Once again, NFTs carry no copyright implications. All they are is a complex, public receipt of who "owns" a url.

It would be like if a private landowner decided to open a park and sold celebrity-sponsored bricks on the walkway and had a 3rd party lock all the ownership certificates away in a vault they couldn't access. Sure you "own" that brick, but the company who owns the park controls the brick. They can replace it at will. They can restrict access to the brick. They can demolish the park entirely. Nothing prevents anyone else from using an identical brick in their own project. Nothing allows the company to make it so that only the "owner" of a brick is able to walk on it. (Oh, and for whatever reason, the certificates of ownership have to be printed on leather made from an endangered animal)

From a technical perspective, there are far better ways to detect your IP being used. Anyone who wanted to infringe would just strip the token from the metadata. And there are a ton of tools already for detecting reuse of IP in digital media
 
Once again, NFTs carry no copyright implications. All they are is a complex, public receipt of who "owns" a url.

It would be like if a private landowner decided to open a park and sold celebrity-sponsored bricks on the walkway and had a 3rd party lock all the ownership certificates away in a vault they couldn't access. Sure you "own" that brick, but the company who owns the park controls the brick. They can replace it at will. They can restrict access to the brick. They can demolish the park entirely. Nothing prevents anyone else from using an identical brick in their own project. Nothing allows the company to make it so that only the "owner" of a brick is able to walk on it. (Oh, and for whatever reason, the certificates of ownership have to be printed on leather made from an endangered animal)

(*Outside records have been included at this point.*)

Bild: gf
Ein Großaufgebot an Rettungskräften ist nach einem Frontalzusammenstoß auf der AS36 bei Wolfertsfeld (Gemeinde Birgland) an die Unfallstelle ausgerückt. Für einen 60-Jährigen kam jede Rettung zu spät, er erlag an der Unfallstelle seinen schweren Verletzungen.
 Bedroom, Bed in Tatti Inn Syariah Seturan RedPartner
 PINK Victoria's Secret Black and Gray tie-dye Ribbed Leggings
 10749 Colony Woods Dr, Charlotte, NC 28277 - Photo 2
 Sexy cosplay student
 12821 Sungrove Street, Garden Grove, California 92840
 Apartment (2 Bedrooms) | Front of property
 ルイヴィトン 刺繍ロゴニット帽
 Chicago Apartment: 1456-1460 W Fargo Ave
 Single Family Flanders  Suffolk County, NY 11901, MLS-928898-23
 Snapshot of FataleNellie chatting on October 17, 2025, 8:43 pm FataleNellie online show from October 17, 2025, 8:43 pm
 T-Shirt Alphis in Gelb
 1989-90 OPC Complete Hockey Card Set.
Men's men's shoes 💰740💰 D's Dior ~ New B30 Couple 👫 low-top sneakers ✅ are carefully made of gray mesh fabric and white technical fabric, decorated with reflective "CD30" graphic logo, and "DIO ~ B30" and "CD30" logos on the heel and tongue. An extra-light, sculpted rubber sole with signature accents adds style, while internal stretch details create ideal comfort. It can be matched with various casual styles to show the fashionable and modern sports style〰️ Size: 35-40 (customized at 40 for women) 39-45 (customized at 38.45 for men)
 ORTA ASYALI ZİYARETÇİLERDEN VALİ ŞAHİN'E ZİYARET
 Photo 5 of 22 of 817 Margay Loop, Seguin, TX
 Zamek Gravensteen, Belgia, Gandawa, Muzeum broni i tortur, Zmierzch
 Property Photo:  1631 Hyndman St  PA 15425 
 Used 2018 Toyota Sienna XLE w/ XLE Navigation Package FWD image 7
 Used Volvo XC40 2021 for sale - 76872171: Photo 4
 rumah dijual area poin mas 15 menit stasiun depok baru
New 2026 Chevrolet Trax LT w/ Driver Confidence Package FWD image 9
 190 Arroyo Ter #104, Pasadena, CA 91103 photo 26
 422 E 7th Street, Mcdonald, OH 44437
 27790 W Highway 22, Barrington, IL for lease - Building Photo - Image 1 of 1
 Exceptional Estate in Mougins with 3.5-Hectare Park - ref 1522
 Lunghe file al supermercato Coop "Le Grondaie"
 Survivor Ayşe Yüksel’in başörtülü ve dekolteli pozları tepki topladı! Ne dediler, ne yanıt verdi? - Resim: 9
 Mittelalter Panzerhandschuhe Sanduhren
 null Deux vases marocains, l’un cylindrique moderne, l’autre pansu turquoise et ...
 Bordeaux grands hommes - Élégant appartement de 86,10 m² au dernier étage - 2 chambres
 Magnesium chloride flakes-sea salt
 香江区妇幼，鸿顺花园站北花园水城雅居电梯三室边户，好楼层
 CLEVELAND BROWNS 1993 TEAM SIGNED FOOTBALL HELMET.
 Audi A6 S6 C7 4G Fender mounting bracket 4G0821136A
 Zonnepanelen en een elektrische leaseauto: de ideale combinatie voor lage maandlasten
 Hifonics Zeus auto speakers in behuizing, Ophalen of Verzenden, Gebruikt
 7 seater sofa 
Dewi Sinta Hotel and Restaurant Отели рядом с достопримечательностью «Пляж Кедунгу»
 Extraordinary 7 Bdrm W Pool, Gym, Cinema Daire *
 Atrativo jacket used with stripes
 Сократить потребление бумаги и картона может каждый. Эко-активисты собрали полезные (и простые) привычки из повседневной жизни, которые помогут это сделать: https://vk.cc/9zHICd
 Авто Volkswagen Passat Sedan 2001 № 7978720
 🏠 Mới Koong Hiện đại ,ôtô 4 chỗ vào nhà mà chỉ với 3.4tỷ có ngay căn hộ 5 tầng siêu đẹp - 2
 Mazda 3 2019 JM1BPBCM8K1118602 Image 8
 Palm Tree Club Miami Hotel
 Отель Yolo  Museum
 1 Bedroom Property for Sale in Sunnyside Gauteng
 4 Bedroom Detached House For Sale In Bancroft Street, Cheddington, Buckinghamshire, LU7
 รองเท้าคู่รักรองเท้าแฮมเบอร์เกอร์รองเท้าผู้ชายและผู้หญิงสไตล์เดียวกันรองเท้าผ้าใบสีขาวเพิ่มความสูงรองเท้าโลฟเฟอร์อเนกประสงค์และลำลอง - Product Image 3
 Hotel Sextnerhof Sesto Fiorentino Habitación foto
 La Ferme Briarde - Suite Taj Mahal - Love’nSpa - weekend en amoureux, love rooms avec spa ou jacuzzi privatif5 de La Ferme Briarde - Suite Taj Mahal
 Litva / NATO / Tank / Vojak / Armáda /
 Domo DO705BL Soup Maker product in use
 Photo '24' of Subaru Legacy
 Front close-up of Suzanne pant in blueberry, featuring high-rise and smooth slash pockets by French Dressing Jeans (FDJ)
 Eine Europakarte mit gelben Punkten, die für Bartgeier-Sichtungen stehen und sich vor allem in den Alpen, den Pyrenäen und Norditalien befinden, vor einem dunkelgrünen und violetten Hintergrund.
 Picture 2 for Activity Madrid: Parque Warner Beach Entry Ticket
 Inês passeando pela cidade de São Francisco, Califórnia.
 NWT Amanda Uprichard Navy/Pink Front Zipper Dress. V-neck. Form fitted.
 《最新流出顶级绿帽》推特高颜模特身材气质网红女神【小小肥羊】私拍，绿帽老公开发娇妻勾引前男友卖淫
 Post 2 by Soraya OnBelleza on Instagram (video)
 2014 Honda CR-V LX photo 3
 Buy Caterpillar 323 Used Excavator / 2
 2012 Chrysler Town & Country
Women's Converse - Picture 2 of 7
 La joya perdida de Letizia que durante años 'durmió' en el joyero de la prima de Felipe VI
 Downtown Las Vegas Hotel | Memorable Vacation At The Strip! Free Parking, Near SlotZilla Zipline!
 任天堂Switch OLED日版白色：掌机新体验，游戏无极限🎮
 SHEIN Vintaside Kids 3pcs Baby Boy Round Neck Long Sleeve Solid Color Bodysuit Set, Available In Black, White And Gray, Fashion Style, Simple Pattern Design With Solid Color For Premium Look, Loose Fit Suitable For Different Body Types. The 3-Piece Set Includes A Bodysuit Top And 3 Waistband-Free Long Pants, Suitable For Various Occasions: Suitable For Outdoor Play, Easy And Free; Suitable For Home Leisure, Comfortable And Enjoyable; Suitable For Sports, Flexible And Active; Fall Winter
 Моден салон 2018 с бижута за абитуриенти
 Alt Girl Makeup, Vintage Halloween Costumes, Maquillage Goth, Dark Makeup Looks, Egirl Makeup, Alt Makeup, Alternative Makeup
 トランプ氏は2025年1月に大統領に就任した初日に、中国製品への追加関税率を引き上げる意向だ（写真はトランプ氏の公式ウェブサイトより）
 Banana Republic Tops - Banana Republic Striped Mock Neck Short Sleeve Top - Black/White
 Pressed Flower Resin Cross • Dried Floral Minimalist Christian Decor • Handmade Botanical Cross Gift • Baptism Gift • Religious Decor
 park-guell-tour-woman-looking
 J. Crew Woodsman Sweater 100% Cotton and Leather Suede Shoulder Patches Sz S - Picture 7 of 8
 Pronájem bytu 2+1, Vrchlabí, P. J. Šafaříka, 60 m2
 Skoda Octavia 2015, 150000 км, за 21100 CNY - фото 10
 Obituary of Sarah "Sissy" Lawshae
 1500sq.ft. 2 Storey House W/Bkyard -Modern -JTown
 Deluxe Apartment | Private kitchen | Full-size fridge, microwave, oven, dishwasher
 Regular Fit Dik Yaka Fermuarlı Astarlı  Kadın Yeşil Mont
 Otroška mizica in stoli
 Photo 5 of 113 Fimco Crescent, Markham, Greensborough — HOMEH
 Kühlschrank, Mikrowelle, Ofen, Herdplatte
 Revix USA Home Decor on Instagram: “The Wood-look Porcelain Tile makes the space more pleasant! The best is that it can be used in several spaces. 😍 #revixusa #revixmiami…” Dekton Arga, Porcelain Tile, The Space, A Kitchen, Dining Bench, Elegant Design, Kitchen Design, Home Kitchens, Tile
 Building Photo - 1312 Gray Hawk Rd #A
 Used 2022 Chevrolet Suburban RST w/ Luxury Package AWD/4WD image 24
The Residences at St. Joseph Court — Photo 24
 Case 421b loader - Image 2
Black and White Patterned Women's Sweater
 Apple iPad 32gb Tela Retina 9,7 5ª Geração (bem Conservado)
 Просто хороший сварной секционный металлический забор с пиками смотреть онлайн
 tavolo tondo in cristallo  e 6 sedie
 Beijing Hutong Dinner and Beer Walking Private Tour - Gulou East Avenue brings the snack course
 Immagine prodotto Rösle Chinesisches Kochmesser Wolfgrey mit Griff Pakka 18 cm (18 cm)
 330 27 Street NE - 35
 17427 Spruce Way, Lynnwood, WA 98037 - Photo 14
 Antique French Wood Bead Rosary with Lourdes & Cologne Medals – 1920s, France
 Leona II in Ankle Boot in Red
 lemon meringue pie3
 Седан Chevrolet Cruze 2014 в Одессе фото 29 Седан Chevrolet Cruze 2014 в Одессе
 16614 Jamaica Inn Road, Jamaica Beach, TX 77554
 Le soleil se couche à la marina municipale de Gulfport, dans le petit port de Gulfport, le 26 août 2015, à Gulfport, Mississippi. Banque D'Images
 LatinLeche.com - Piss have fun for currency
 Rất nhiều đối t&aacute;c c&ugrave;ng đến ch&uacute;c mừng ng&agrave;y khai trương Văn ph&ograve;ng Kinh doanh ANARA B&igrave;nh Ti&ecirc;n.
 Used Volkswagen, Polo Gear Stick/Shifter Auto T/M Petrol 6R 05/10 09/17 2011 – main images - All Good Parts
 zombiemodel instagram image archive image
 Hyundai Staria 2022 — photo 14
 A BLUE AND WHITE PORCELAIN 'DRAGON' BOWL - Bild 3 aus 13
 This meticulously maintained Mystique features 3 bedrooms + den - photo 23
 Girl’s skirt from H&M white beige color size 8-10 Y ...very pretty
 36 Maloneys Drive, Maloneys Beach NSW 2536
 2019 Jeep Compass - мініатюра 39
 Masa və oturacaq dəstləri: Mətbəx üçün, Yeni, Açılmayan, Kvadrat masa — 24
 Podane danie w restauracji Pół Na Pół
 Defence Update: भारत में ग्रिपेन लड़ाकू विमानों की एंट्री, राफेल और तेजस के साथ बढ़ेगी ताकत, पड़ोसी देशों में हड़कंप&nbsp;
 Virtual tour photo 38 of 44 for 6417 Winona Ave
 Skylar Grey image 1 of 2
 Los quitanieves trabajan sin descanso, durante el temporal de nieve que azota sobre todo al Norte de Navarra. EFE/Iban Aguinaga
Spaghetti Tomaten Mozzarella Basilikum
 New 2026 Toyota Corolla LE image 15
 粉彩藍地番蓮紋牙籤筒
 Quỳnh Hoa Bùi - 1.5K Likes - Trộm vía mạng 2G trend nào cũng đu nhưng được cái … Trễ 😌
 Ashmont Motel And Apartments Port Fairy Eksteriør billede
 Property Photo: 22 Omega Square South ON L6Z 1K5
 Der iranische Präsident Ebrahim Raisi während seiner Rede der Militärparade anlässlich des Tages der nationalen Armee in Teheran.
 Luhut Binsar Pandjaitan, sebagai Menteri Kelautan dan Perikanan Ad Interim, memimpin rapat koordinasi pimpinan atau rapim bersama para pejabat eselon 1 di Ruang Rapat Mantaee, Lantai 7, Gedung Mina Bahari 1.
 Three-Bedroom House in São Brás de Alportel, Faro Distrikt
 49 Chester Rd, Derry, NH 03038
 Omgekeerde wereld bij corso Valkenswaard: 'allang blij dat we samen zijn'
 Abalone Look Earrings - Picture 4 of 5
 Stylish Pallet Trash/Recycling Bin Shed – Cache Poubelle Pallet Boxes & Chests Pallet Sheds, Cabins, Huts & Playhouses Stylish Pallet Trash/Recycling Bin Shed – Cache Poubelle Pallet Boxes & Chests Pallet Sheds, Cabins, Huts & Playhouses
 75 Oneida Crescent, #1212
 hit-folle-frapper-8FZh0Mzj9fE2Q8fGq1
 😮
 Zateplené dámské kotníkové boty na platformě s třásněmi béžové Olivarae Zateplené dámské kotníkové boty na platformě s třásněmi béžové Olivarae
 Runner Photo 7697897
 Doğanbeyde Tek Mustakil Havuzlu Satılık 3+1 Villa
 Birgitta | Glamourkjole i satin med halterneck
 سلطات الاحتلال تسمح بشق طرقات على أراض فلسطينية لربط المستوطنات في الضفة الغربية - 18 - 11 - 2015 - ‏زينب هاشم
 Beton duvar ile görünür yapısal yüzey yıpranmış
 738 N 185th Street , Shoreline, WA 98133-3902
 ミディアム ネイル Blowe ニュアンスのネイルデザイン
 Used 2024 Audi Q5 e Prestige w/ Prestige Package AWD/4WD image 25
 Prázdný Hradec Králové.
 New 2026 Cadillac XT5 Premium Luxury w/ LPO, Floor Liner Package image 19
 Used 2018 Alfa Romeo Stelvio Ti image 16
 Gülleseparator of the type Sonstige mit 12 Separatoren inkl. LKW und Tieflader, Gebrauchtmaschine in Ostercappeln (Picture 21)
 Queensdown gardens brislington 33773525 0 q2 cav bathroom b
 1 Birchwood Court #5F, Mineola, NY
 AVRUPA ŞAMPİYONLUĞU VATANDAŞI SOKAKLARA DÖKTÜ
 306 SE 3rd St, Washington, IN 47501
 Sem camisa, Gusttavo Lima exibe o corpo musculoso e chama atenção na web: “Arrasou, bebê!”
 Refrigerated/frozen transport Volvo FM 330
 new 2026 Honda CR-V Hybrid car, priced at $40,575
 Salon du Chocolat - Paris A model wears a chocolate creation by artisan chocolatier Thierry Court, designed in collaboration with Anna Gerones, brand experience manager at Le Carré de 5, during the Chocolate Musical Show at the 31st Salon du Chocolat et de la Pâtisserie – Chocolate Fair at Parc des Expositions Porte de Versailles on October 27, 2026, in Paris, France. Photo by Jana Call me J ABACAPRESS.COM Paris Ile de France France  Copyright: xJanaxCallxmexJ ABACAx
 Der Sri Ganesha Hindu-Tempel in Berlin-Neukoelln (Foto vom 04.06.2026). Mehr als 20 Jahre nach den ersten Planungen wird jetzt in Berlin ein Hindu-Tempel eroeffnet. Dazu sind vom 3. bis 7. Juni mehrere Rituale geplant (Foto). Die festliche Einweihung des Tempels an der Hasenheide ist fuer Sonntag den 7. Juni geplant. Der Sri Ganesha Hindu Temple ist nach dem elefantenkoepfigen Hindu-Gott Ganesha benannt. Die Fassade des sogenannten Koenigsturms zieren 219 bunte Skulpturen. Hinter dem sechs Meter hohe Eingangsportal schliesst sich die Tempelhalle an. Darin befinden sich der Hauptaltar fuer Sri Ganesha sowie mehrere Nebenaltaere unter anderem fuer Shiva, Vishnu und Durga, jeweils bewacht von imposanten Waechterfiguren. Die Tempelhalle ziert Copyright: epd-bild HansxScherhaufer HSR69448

From a technical perspective, there are far better ways to detect your IP being used. Anyone who wanted to infringe would just strip the token from the metadata. And there are a ton of tools already for detecting reuse of IP in digital media
Well, all I can say is, Kodak was trying to figure out how to use blockchain technology for digital ownership. I didn't go into the details, but they were exploring this for digital imaging ownership. How they are used now and how the technology can be developed for future use, well, that is how millions are created with new software functionality. https://www.kodak.com/en/company/press-release/blockchain-initiative
 
You can use it for tracking ownership of any piece of data. But for the web-crawling, detecting unlicensed usage, etc. they'll be using different technologies.

I would suspect this is just Kodak trying to jump onto the next tech trend. (The same way that everything is driven by "AI" the last few years and everyone had to have an "app" a decade ago)
 
You can use it for tracking ownership of any piece of data. But for the web-crawling, detecting unlicensed usage, etc. they'll be using different technologies.

I would suspect this is just Kodak trying to jump onto the next tech trend. (The same way that everything is driven by "AI" the last few years and everyone had to have an "app" a decade ago)
Well, IoT is a good example of what you are talking about. But on the surface, it seems like it would be really good idea for digital creators.